Remember that in Part-1, I was talking about the Roman Emperor, Claudius and I promised to tell you about another guy who liked to keep a very low profile? No? You really should be payin’ more attenshun, y’know.

The other was also from the same region of the world but born 1900 years later, in Palermo, Sicily and he stole away in a freighter to the US when he was just 17. Like Claudius, this man too went on to become an emperor in his own right. Only, in his case it wasn’t a country, but a tightly-knit and murderous fraternity.

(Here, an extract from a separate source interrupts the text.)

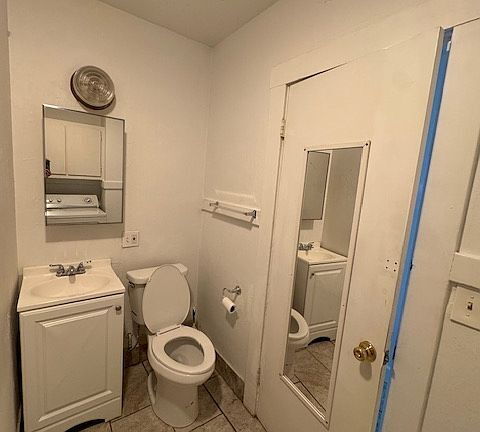 Building Photo - Looking for a place with extra space and easy living?
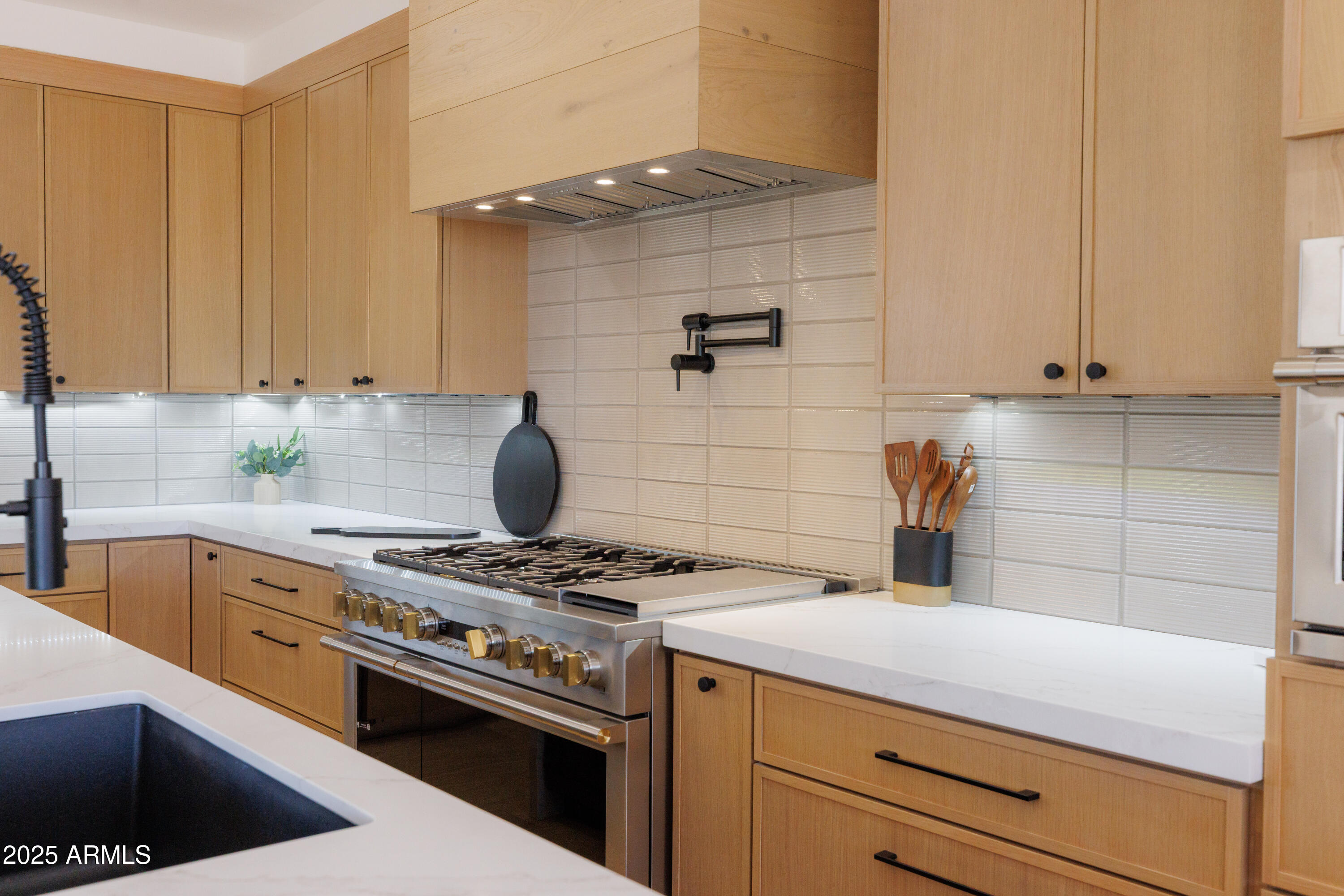 8850 N VALLEY OAK Drive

The members of the fraternity didn’t just call him an emperor, but as a sign of respect and fear that he generated for a while in the 1940s and 50s, he was known as the Capo di tutti Capi, or ‘boss of all bosses’.

This man went by the name of Carlo Gambino, arguably one of the most powerful American mob bosses in history and also one of the handful of mafia bosses who managed to die naturally, of old age.

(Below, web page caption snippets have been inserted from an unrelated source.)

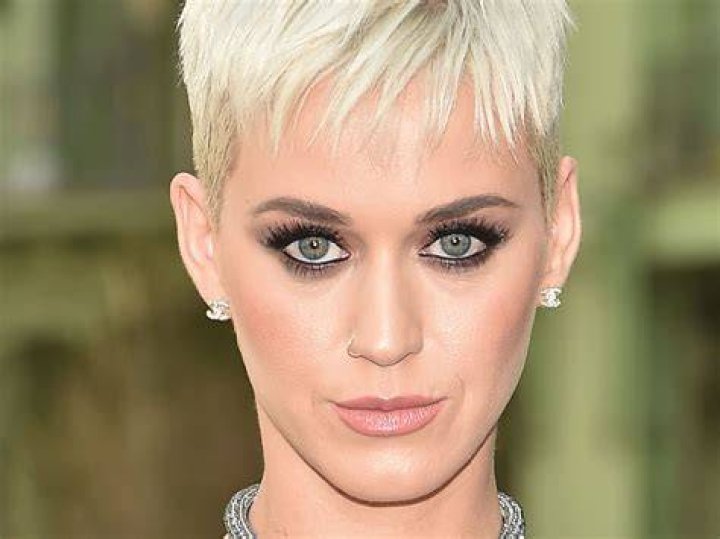 7 Expert Tips If You Want To Dramatically Change Your Hair Color Like Katy Perry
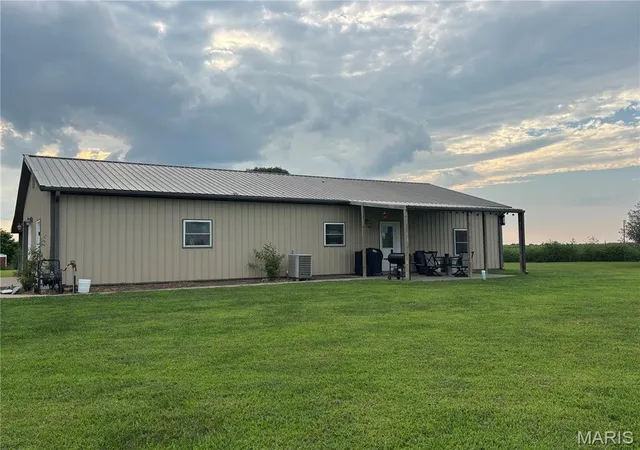Photo 5 of Single family home for sale at 18692 Route C, Holliday, MO 65258 | MLS# MIS26048864 | Listing updated on 2026-07-30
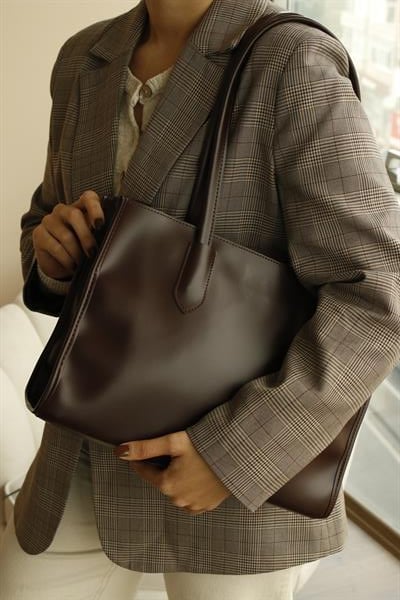 <tc>Sac à main marron foncé Charlot pour femme.</tc>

A diminutive man with beedy eyes, a large nose and a mild, pleasant and deferential demeanor, Gambino was anything but imposing in stature. Joe Bonnano, a compatriot of Gambino’s and one of the powerful heads of the five New York crime families of the 50s, once called Gambino a ‘squirrel of a man’. Maybe he had the looks of a squirrel but in Gambino’s case, looks were definitely misleading, for he in fact had the heart of a daring cheetah, the cunning of a fox and the venom of a viper.

To wade through the vicious world of the mafioso and be able to reach the very pinnacle, keeping at bay and earning the respect of the legends of the time such as, Lucky Luciano, Albert Anastasia, Vito Genovese, Frank Costello and Meyer Lansky, needed a special kind of nerve and only Carlo had that.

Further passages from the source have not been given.